» **Exercise goal**:
Using the records below, copy exactly the part that opens with the line holding "Chompoopink（個別スタンプ：8）" and closes with the line holding "Load image into", minus the pictures.

» **The records**:
==========

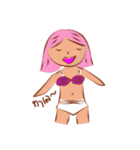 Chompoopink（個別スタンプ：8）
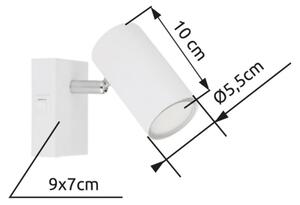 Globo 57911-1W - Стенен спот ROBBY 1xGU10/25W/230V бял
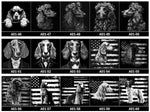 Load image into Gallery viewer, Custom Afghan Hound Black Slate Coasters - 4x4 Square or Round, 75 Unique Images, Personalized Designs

==========

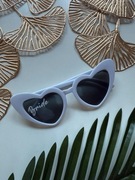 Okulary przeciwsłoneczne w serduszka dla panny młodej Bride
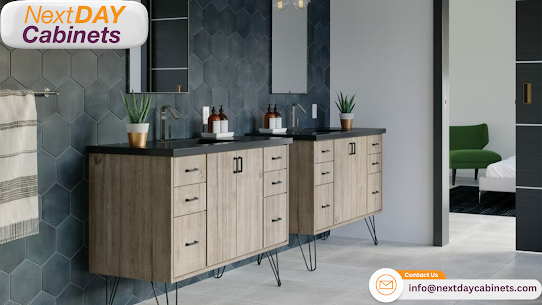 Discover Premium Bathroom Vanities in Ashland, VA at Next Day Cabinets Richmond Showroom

==========

» **Task response**:
 Chompoopink（個別スタンプ：8）
 Globo 57911-1W - Стенен спот ROBBY 1xGU10/25W/230V бял
 Load image into Gallery viewer, Custom Afghan Hound Black Slate Coasters - 4x4 Square or Round, 75 Unique Images, Personalized Designs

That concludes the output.